### Aim of the task
A verbatim copy of every record is required, and no pictures should be included.

### Caption-style text data
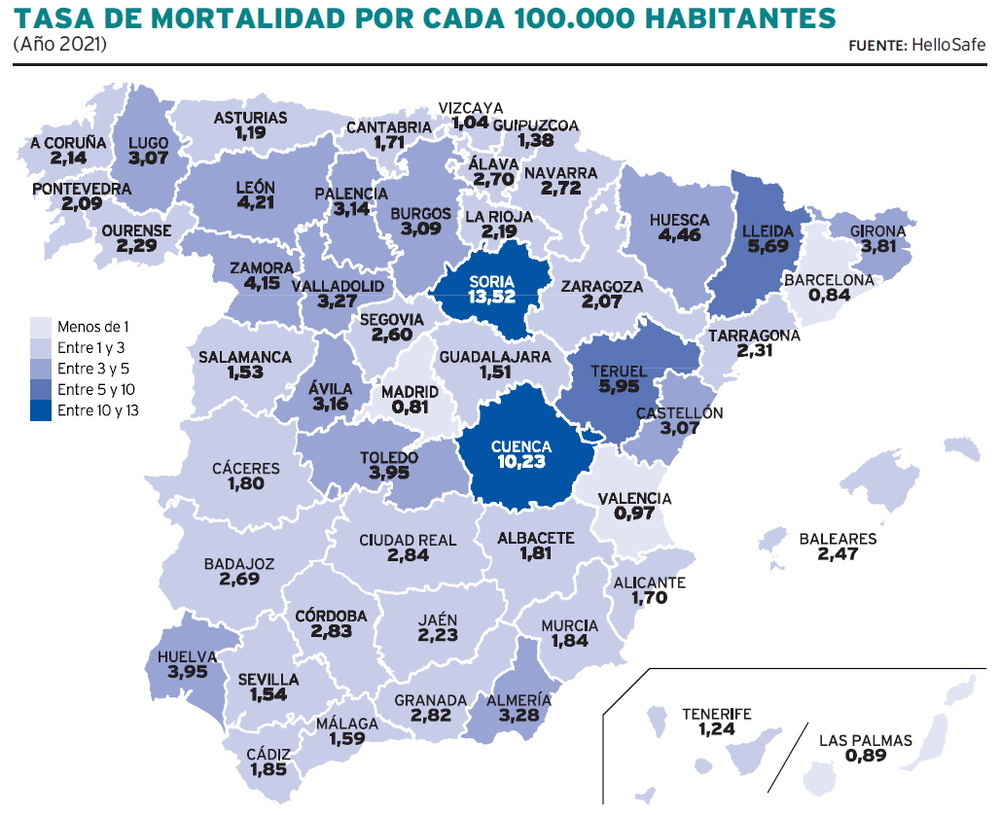 Cuenca es la segunda provincia con la mortalidad vial más alta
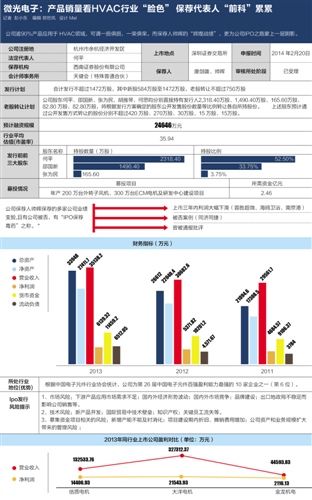 电微人口多少_城口多少人口(3)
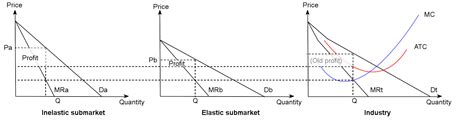 Price Discrimination | Boundless Economics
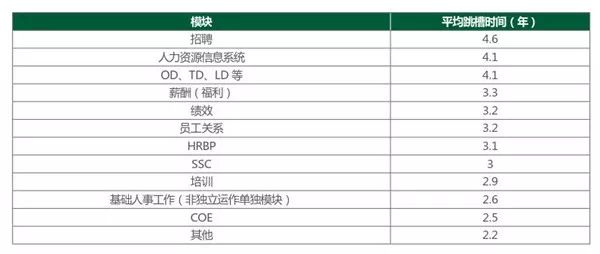 2018年，國內的招聘HR們究竟過得怎麼樣？ 職場 第14張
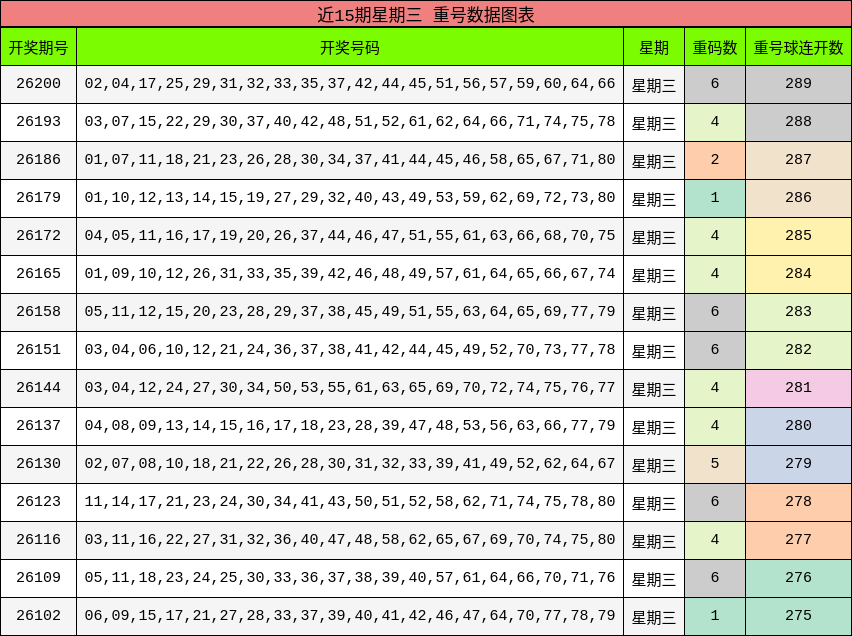 近15期星期三 重号数据图表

### Exercise response
 Cuenca es la segunda provincia con la mortalidad vial más alta
 电微人口多少_城口多少人口(3)
 Price Discrimination | Boundless Economics
 2018年，國內的招聘HR們究竟過得怎麼樣？ 職場 第14張
 近15期星期三 重号数据图表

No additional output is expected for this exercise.